## [What is expected]
Starting with the first line below, extract each line through the one that contains "爱》和《傲慢与偏见》人物关系图是怎样的?", inclusive, excluding pictures.

START Input for this task

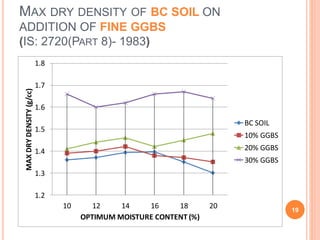 MAX DRY DENSITY OF BC SOIL ON
ADDITION OF FINE GGBS
(IS: 2720(PART 8)- 1983)
1.2
1.3
1.4
1.5
1.6
1.7
1.8
10 12 14 16 18 20
MAXDRYDENSITY(g/cc)
OPTIMUM MOISTURE CONTENT (%)
BC SOIL
10% GGBS
20% GGBS
30% GGBS
19
 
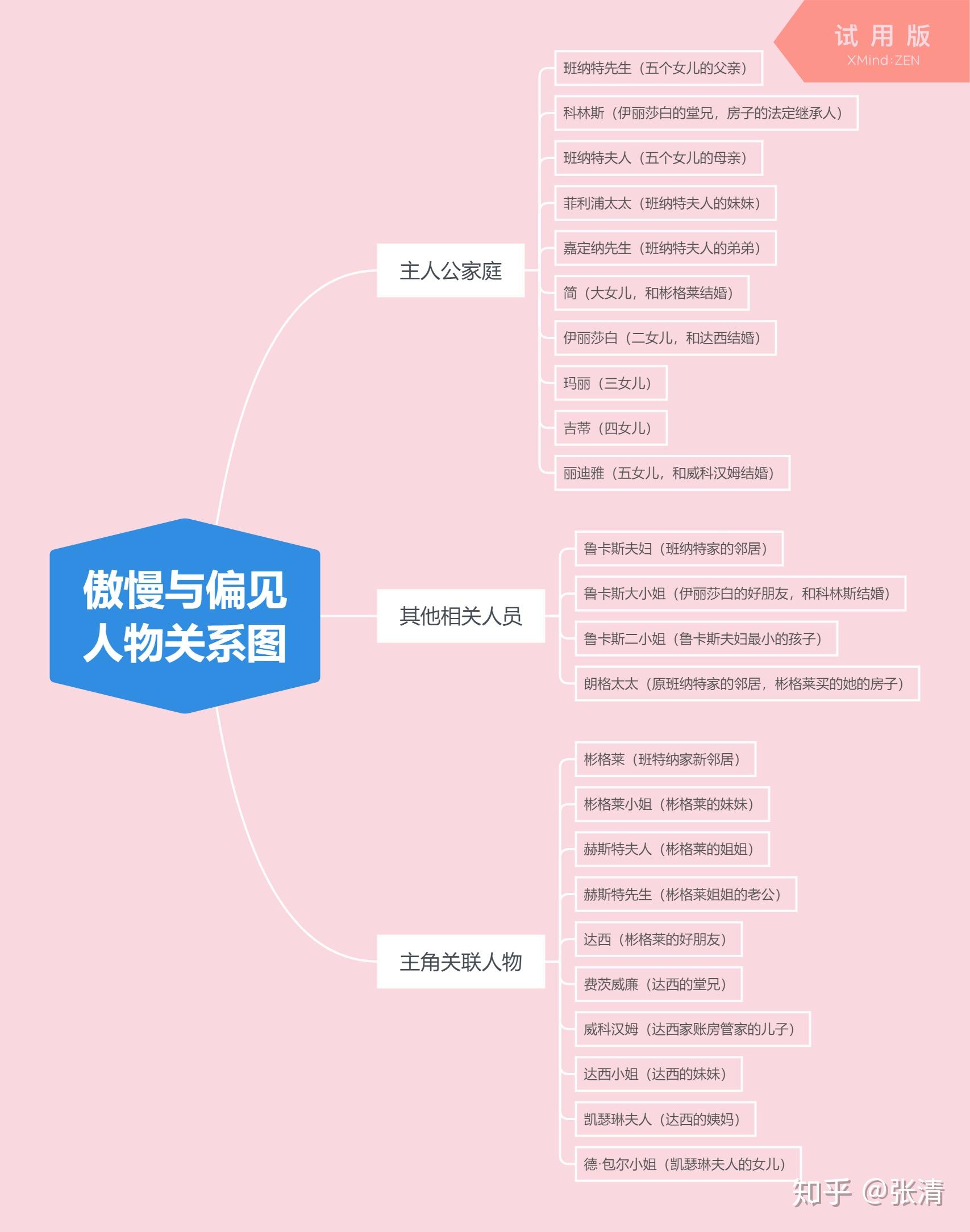 爱》和《傲慢与偏见》人物关系图是怎样的?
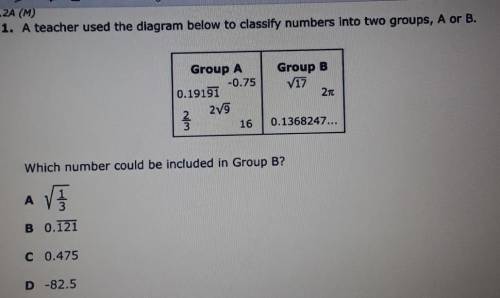 Which number could be included in Group B ​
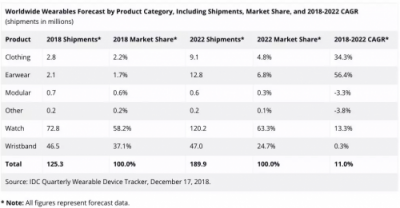 IDC預(yù)測(cè)智能手表主導(dǎo)可穿戴市場(chǎng) TicWatch將引領(lǐng)智能可穿戴潮流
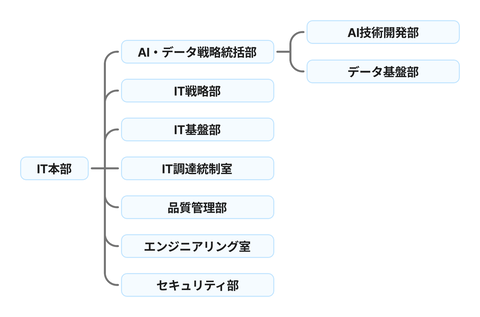 IT本部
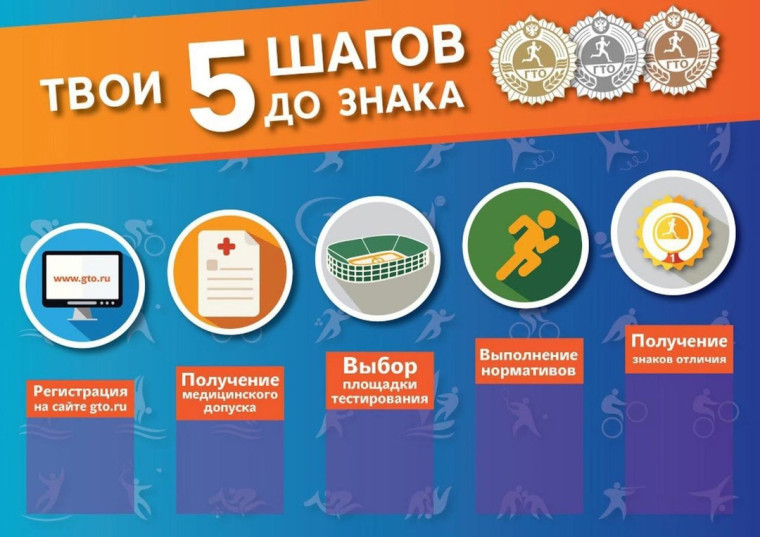 «Готов к труду и обороне».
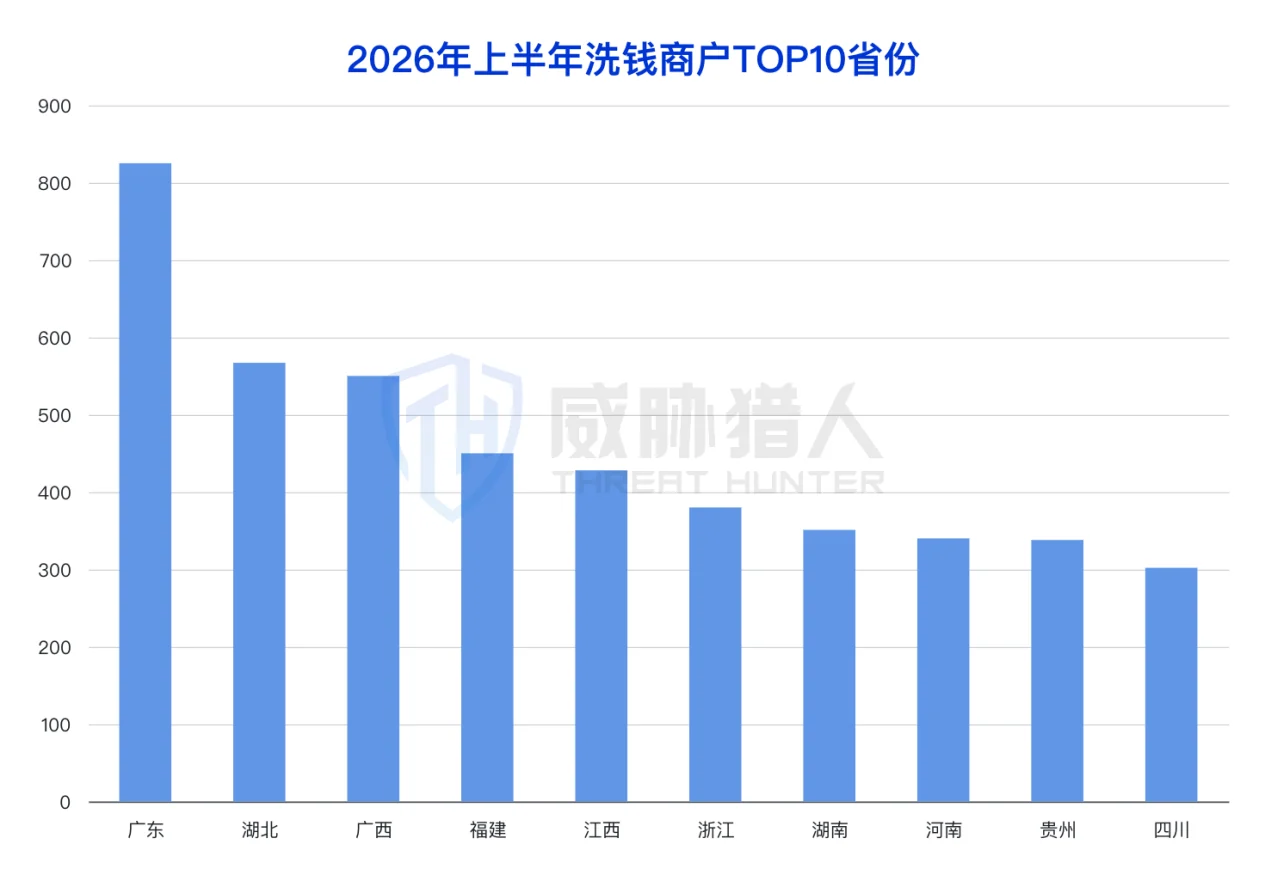 1.3.3 Analysis chart of money laundering merchant resources in the first half of 2026 36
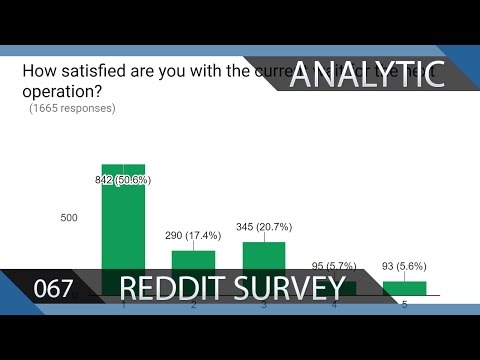 Reddit Global Offensive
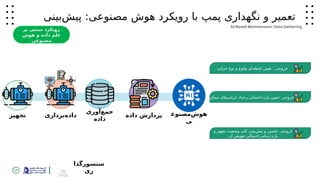 28 ‫بهار‬
1402
‫‌بینی‬
‫ش‬‫پی‬ :‫مصنوعی‬ ‫هوش‬ ‫رویکرد‬ ‫با‬ ‫پمپ‬ ‫نگهداری‬ ‫و‬ ‫تعمیر‬
AI-Based Maintenance: Data Gathering
‫بر‬ ‫مبتنی‬ ‫رویکرد‬
‫هوش‬ ‫و‬ ‫داده‬ ‫علم‬
‫مصنوعی‬
‫‌گذا‬
‫ر‬‫سنسو‬
‫ری‬
‫تجهیز‬
‫‌آوری‬
‫ع‬‫جم‬
‫داده‬
: ‫خروجی‬
‫خرابی‬ ‫نوع‬ ‫و‬ ‫وقوع‬ ‫‌ای‬
‫ه‬‫لحظ‬ ‫تعیین‬
: ‫خروجی‬
‫و‬ ‫تجهیز‬ ‫وضعیت‬ ‫کلی‬ ‫‌بینی‬
‫ش‬‫پی‬ ‫و‬ ‫تخمین‬
‫آن‬ ‫تعویض‬ ‫احتمالی‬ ‫زمانی‬ ‫بازه‬
‫‌برداری‬
‫ه‬‫داد‬ ‫داده‬ ‫پردازش‬ ‫‌مصنوع‬
‫ش‬‫هو‬
‫ی‬
: ‫خروجی‬
‫ممکن‬ ‫‌های‬
‫ی‬‫خراب‬ ‫رخداد‬ ‫احتمالی‬ ‫بازه‬ ‫تعیین‬
 
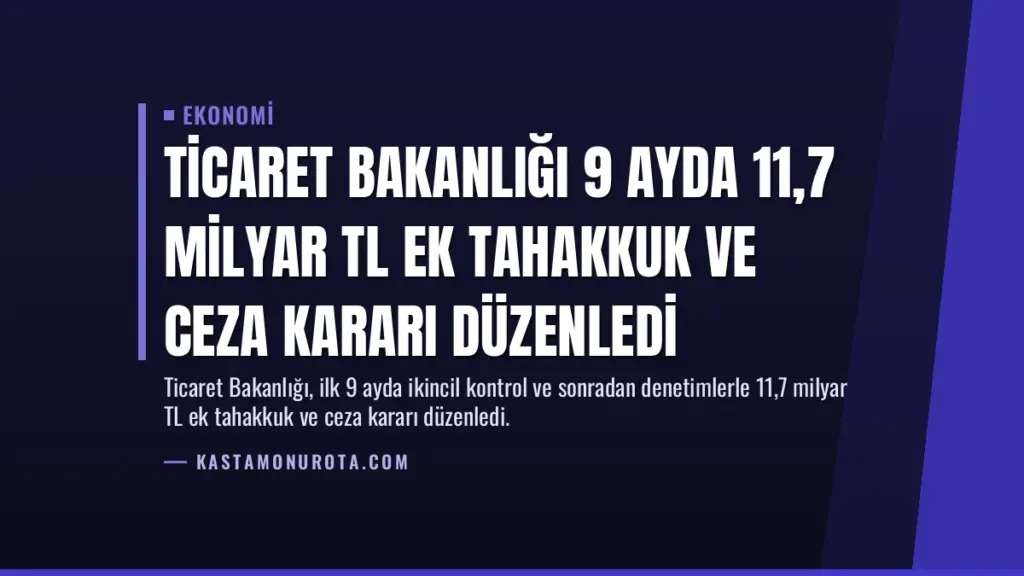 Ticaret Bakanlığı 9 Ayda 11,7 Milyar TL Ek Tahakkuk ve Ceza Kararı Düzenledi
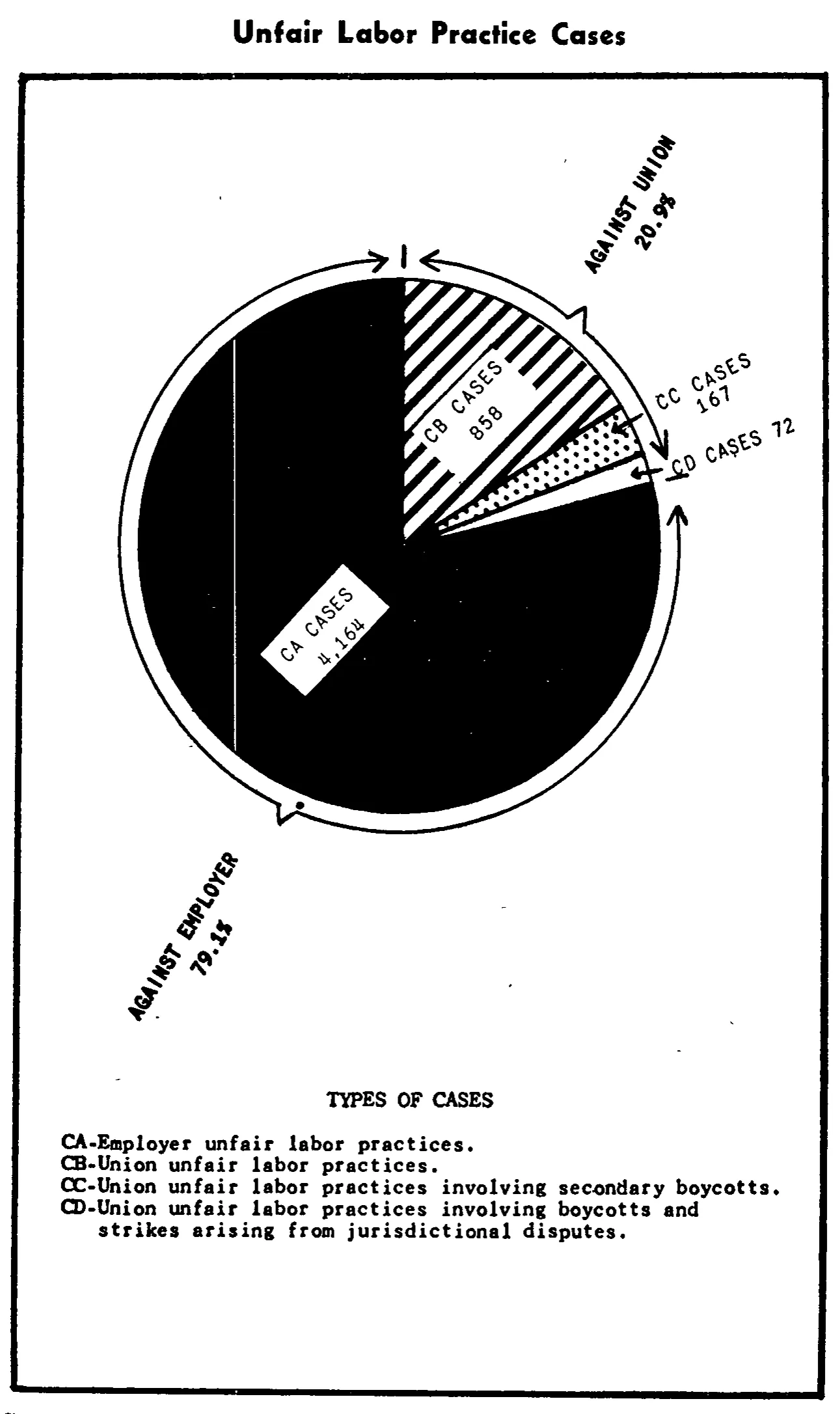 Source page 25 of NLRB FY1951 annual report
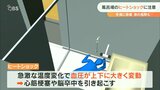 今季最強寒波襲来 入浴時のヒートショックに注意 急激な温度変化で血圧が大きく変動 大分 | 大分のニュース|OBS NEWS|大分放送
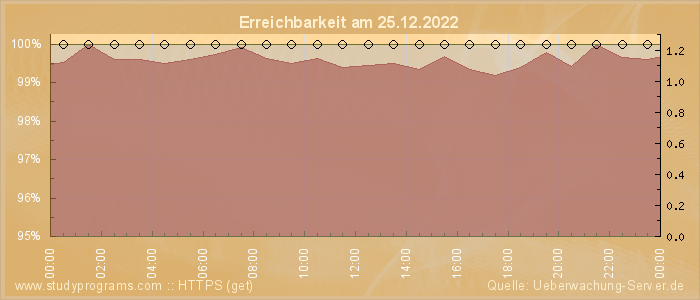 Grafik der Erreichbarkeit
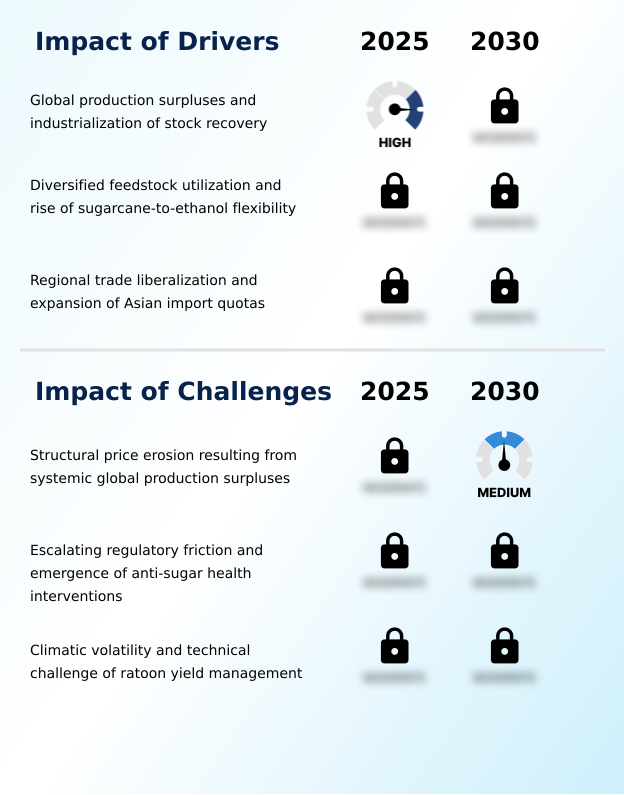 Foundry Equipment Market Size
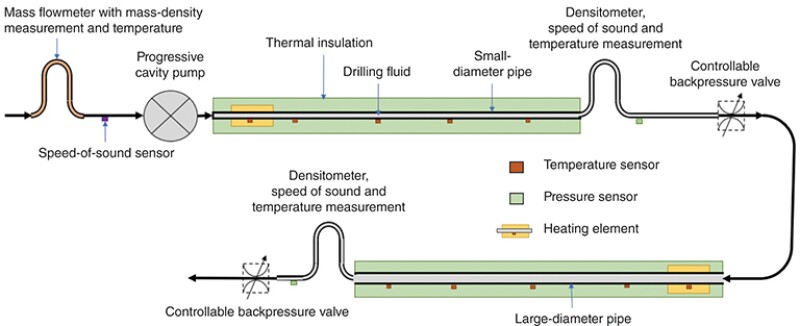 Schematic of a setup capable of measuring the PVT behavior, specific heat capacity, and thermal conductivity of a drilling fluid.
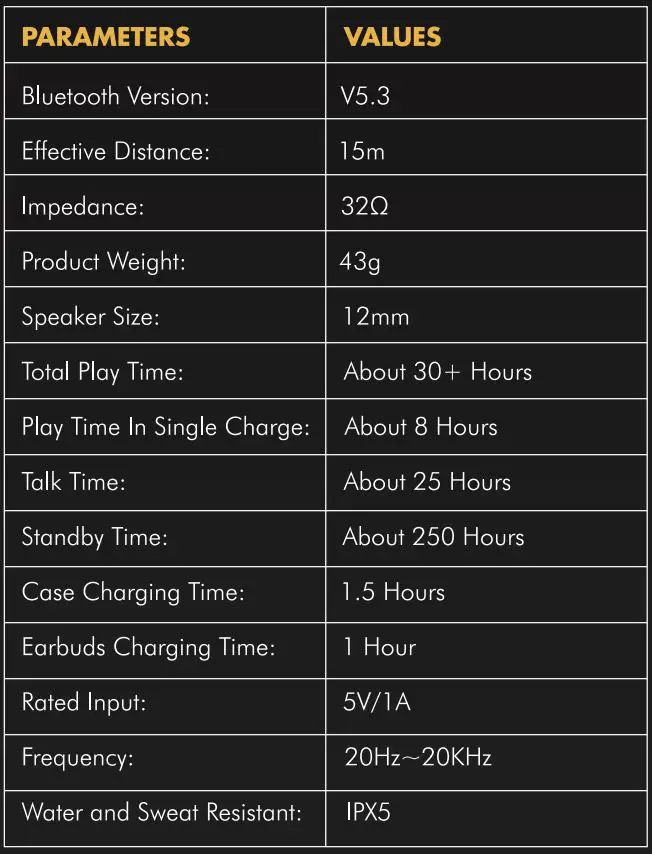 WINGS Phantom True Wireless Earbuds-FIG-10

END Input for this task

## [Output below]
 MAX DRY DENSITY OF BC SOIL ON
ADDITION OF FINE GGBS
(IS: 2720(PART 8)- 1983)
1.2
1.3
1.4
1.5
1.6
1.7
1.8
10 12 14 16 18 20
MAXDRYDENSITY(g/cc)
OPTIMUM MOISTURE CONTENT (%)
BC SOIL
10% GGBS
20% GGBS
30% GGBS
19
 
 爱》和《傲慢与偏见》人物关系图是怎样的?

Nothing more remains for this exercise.